Flink - 当数据流入window时，会发生什么

上篇文章对Flink中常见的windowAssigner，如：TumblingEventTimeWindow, SlidingEventTimeWindow, EventTimeSessionWindows 等中的默认提供的trigger：EventTimeTrigger进行了剖析，讨论了trigger注册的回调函数的执行，trigger会触发怎样的triggerResult，如何处理迟到数据的trigger触发，以及提醒了需要注意的几点，明白flink中的EventTimeTrigger为什么这么写。

这篇文章就讨论下当数据流入window时，会发生什么。我们着重分析的类就是上篇文章中提到的WindowOperator类。
在讨论数据流入window会触发的一系列动作之前，我们需要明确一个window操作包括哪些部分。

window assigner 指明数据流中的数据属于哪个window
trigger 指明在哪些条件下触发window计算，基于处理数据时的时间以及事件的特定属性、
evictor 可选组件，在window执行计算前或后，将window中的数据移除，如使用globalWindow时，由于该window的默认trigger为永不触发，所以既需要实现自定义trigger，也需要实现evictor，移除部分已经计算完毕的数据。
window process flink默认提供的有 ReduceFunction,AggragateFunction.还可以自定义实现 windowProcessFunction。

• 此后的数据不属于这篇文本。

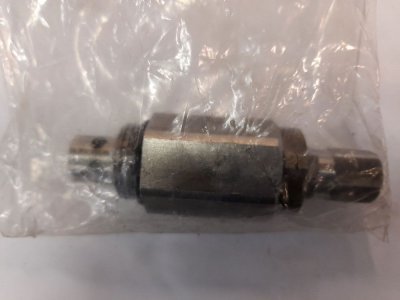 Pressure limiting valve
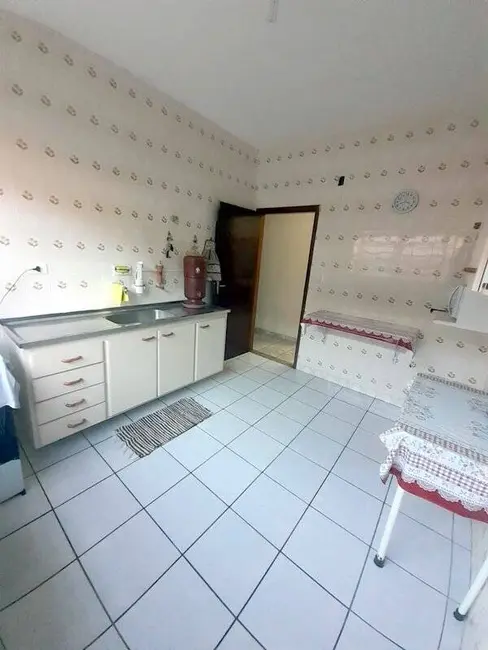 Casa com 5 quartos à venda, 560m2 em Peruibe - SP - imagem 8 Foto 8 de Casa com 5 quartos à venda, 560m2 em Peruibe - SP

作用便是当trigger返回FIRE结果时，计算window的结果。

这篇文章，先不讨论window的early emit，即window在触发完整的计算之前，为减小延迟而进行的提前计算。不过通过上面的四个组件，也可以想明白，只要自定义的trigger定时或定量或根据某条件在window触发完整计算之前，产生FIRE结果，便可使用window process先行根据目前window中的不完整数据，提前计算一个结果。

以下例子中，我们使用以下前提：

使用的window assigner实现的是 WindowAssigner 而不是 MergingWindowAssigner
同时我们分析的 event-time 语义
window操作作用在 KeyedStream 上

接下来要分析的 WindowOperator 类可以看做是一个调度器，它持有window操作相关的所有组件，不包括evctor，因为含有evctor组件的window操作被封装为 EvictingWindowOperator 。 WindowOperator 定义了
window assigner, trigger, windowProcessFunction 的执行顺序如何，它们之间的执行逻辑等。

WindowOperator 类实现了 Triggerable 接口，为什么要实现这个接口呢？这是为了方便为 window 指派 window 过期时的回调函数，因此 WindowOperater 类中实现了 onEventTime 与 onProcessTime 两个方法，分别对应不用语义下 window 过期时的回调函数的执行逻辑，即：当flink 决定删除 window 时，都做了什么操作，删除了哪些东西。

WindowOperator 类也实现了 OneInputStreamOperator 接口，实现了其 processElement 方法，当新数据流入时，调用该方法。

在真正分析代码前，有必要先说明下 WindowOperator 中的几个内部类：

WindowContext 每个window都有自己的context，持有该window与window的state。在 WindowOperator 类中，该类对应 processContext 成员。
Context 实现了 Trigger.OnMergeContext 接口。作为一个处理window中trigger的公共类，该类中持有key与window两个成员，方便根据key与window处理特定的trigger。在 WindowOperator 类中，该类对应 triggerContext 成员。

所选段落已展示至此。